*** Input for this task ***

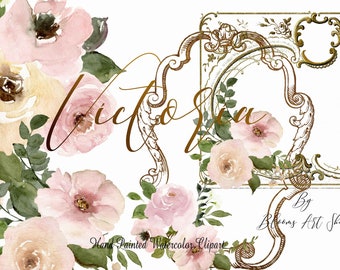Watercolor Clipart Victorian Wedding Floral Arrangement Set Pink Vintage Rose Bouquets DIY Invitation Kit Stationary. WC376
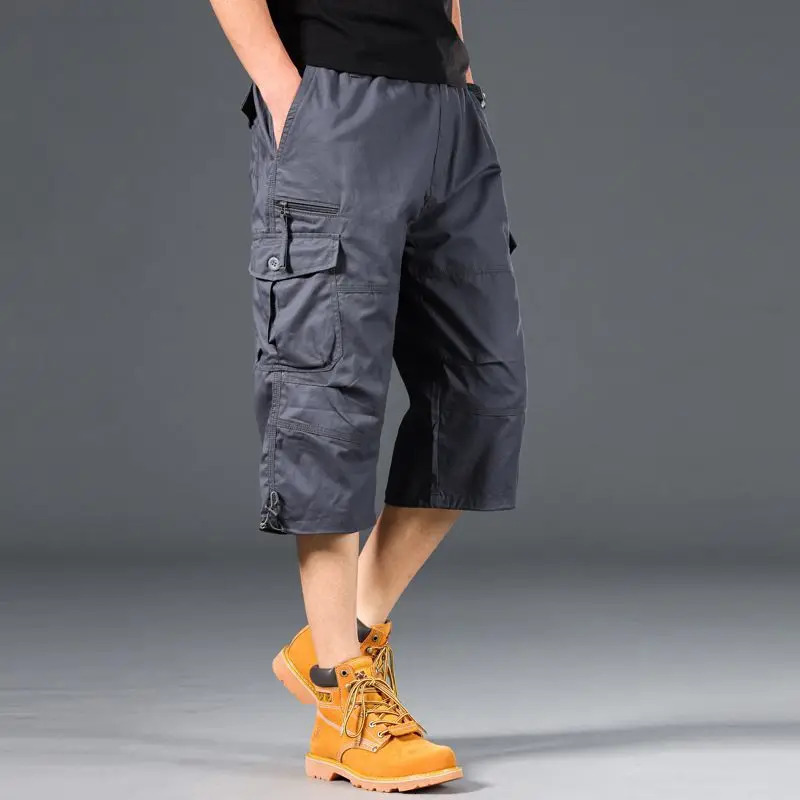 Summer Outdoor Multi Pocket Workwear Shorts for Men Plus Size Casual Cropped Pants Pure Cotton Sports Mid Length 250530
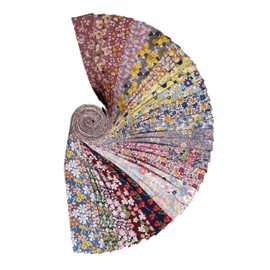 Jelly Roll Fabric - 20 Assorted Floral Prints, 100% Cotton, 40 Pre-Cut Strips (2.5 x 44 Inch) Fabric for Quilting and Sewing， Golden Autumn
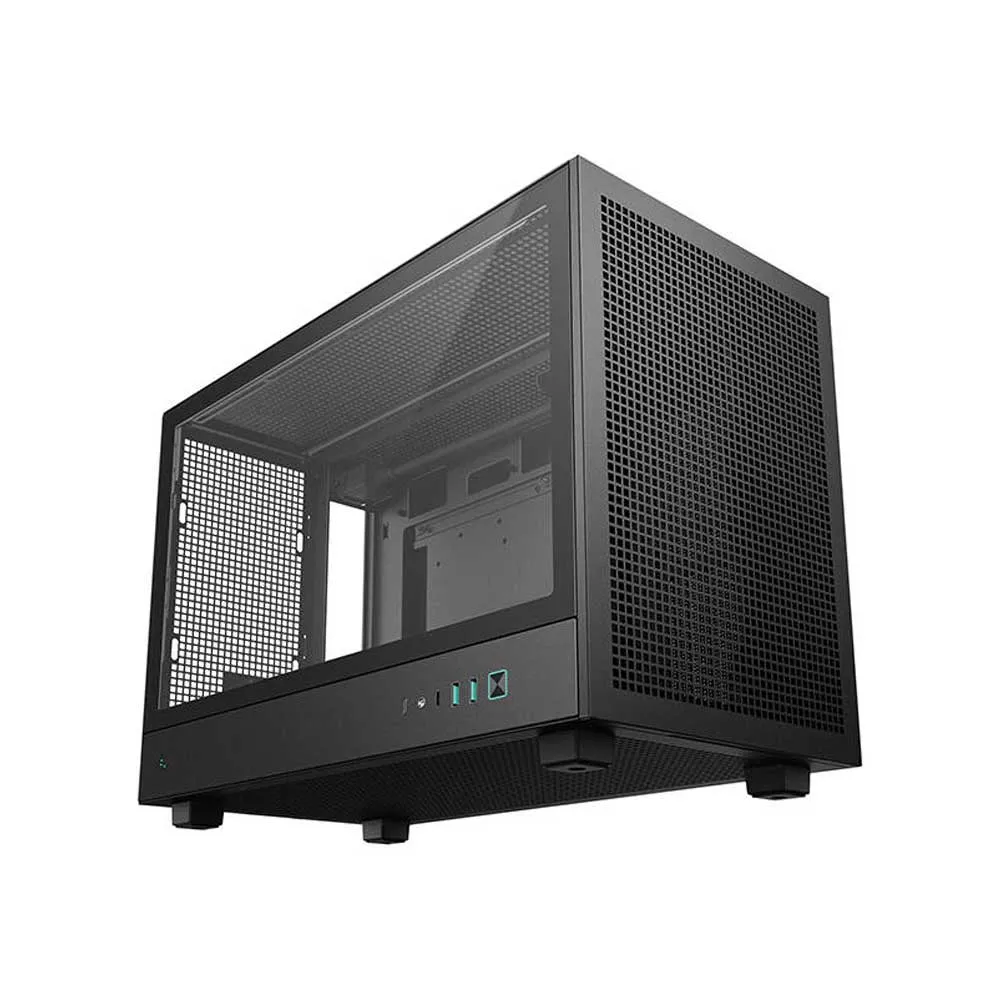 DeepCool CH260 Micro-ATX Computer Case, Up to 360mm Radiator, Up to 6x 120mm Fan Support, Tempered Glass Side Panel, Wraparound Mesh Panels - Black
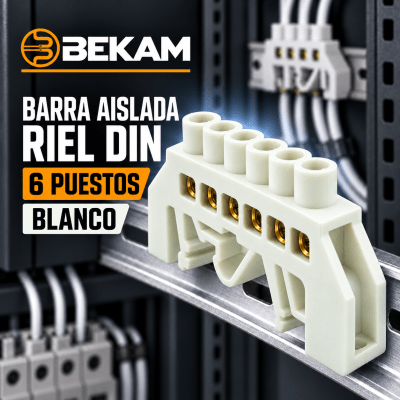 BARRA AISLADA RIEL DIN 6 PUESTOS BLANCO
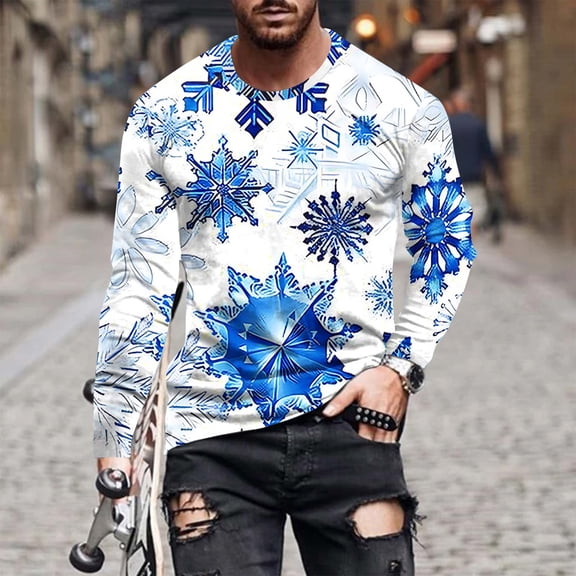 Brondbend Tops for Men Christmas Men’s Shirt Long Sleeve Crewneck Pullover Printed Fashion Blouse Loose School Clothes White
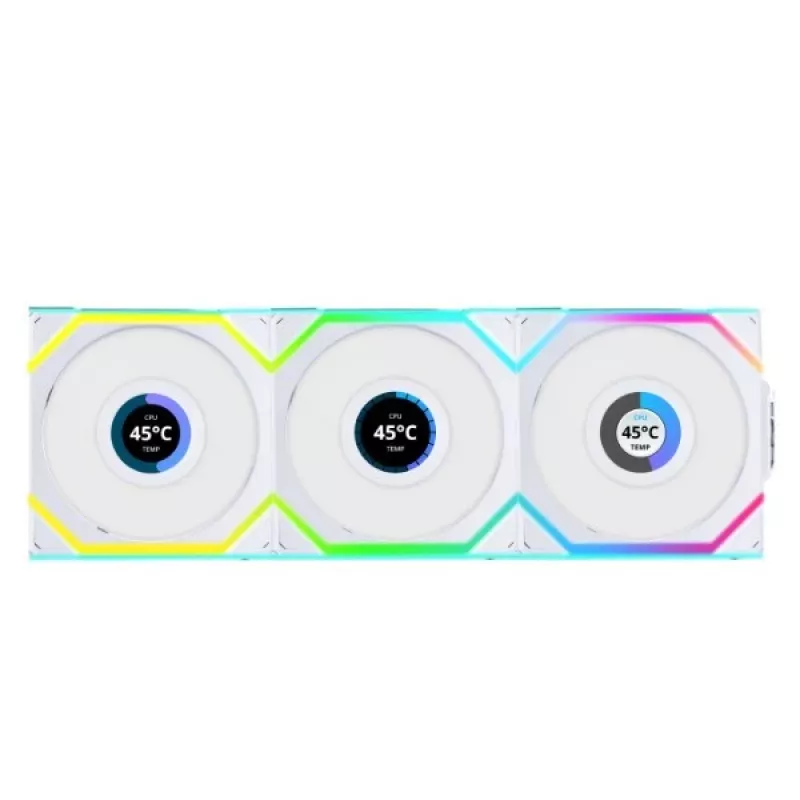 Ventola Lian Li UNI FAN SL Wireless LCD 120 12 cm bianco 3 pezzi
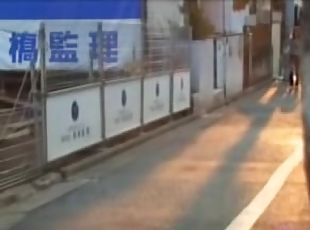 Asian babe gets a Cumshot Sharking on the bus stop.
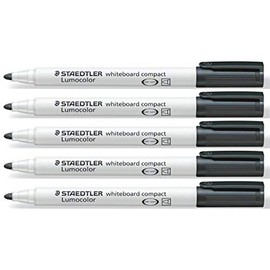 Staedtler Black Lumocolor Compact Whiteboard Board Markers Pens Drywipe 341 (Pack of 5) Drywipe 341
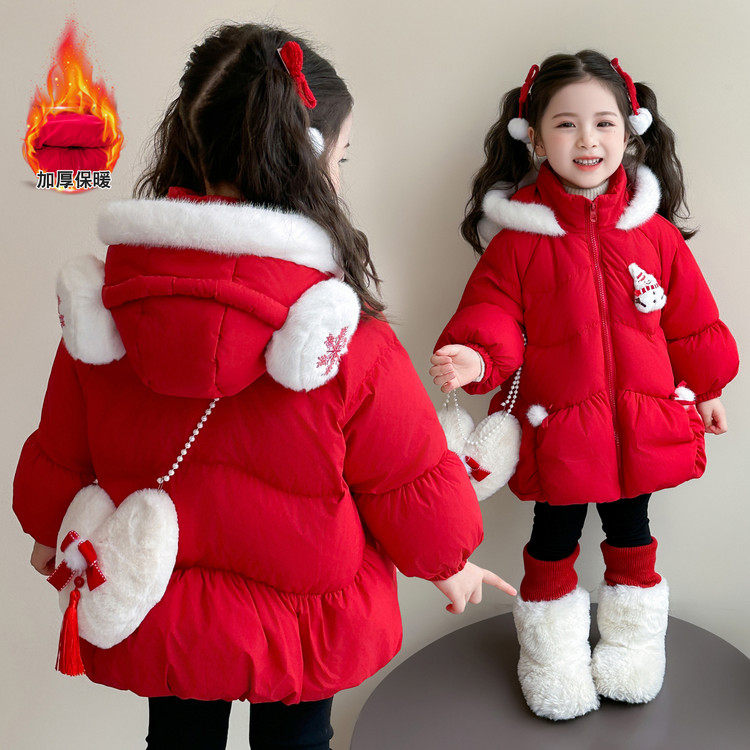 女童红色中长款羽绒服2025新款冬季加厚保暖洋气时髦棉衣外套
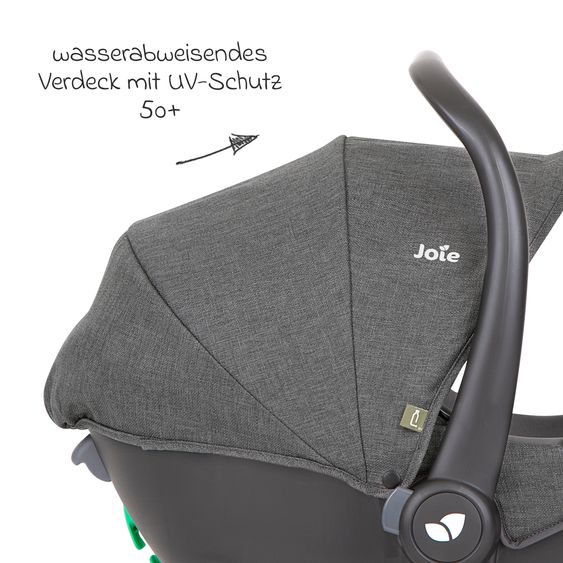 joie Babyschale i-Snug 2 i-Size ab Geburt-13 kg (40 cm-75 cm) inkl. Sitzverkleinerer nur 3,35 kg - Cycle Collection - Shell Gray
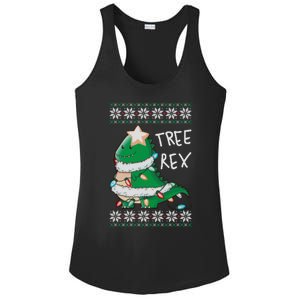 Tree Rex Dinosaur Merry Christmas Ugly Christmas Sweater Gift Ladies PosiCharge Competitor Racerback Tank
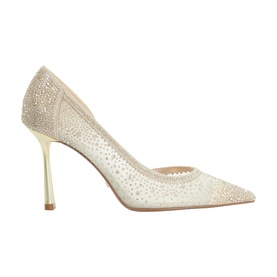 Ivory mesh pointed-toe court shoe with allover crystal embellishment and slender gold stiletto heel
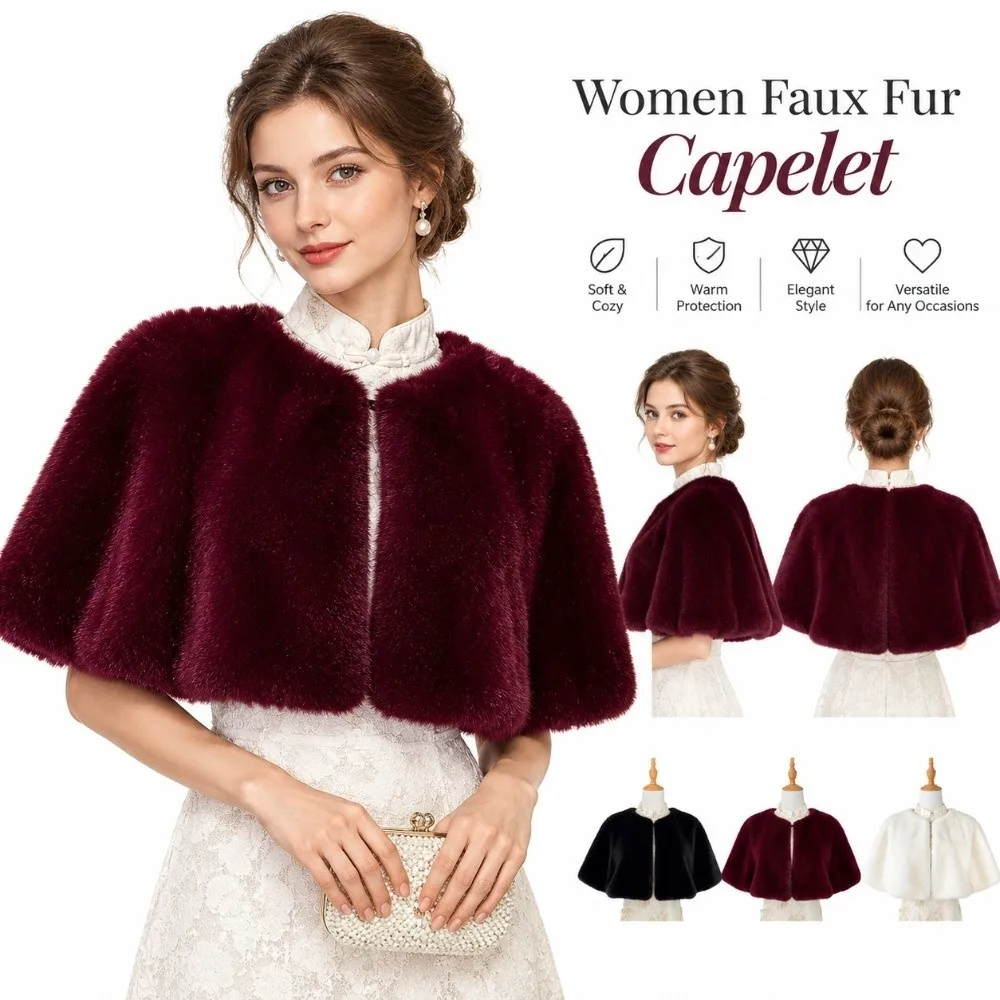 Elegant Solid Color Faux Fur Capelet Winter Warm Faux Fur Texture Shoulder Wrap Shoulder Cover Shrug For Women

*** End of Input for this task ***

- **Problem to work on**:
Return each record as written, minus its images.

- **Exercise solution**:
Watercolor Clipart Victorian Wedding Floral Arrangement Set Pink Vintage Rose Bouquets DIY Invitation Kit Stationary. WC376
 Summer Outdoor Multi Pocket Workwear Shorts for Men Plus Size Casual Cropped Pants Pure Cotton Sports Mid Length 250530
 Jelly Roll Fabric - 20 Assorted Floral Prints, 100% Cotton, 40 Pre-Cut Strips (2.5 x 44 Inch) Fabric for Quilting and Sewing， Golden Autumn
 DeepCool CH260 Micro-ATX Computer Case, Up to 360mm Radiator, Up to 6x 120mm Fan Support, Tempered Glass Side Panel, Wraparound Mesh Panels - Black
 BARRA AISLADA RIEL DIN 6 PUESTOS BLANCO
 Brondbend Tops for Men Christmas Men’s Shirt Long Sleeve Crewneck Pullover Printed Fashion Blouse Loose School Clothes White
 Ventola Lian Li UNI FAN SL Wireless LCD 120 12 cm bianco 3 pezzi
 Asian babe gets a Cumshot Sharking on the bus stop.
 Staedtler Black Lumocolor Compact Whiteboard Board Markers Pens Drywipe 341 (Pack of 5) Drywipe 341
 女童红色中长款羽绒服2025新款冬季加厚保暖洋气时髦棉衣外套
 joie Babyschale i-Snug 2 i-Size ab Geburt-13 kg (40 cm-75 cm) inkl. Sitzverkleinerer nur 3,35 kg - Cycle Collection - Shell Gray
 Tree Rex Dinosaur Merry Christmas Ugly Christmas Sweater Gift Ladies PosiCharge Competitor Racerback Tank
 Ivory mesh pointed-toe court shoe with allover crystal embellishment and slender gold stiletto heel
 Elegant Solid Color Faux Fur Capelet Winter Warm Faux Fur Texture Shoulder Wrap Shoulder Cover Shrug For Women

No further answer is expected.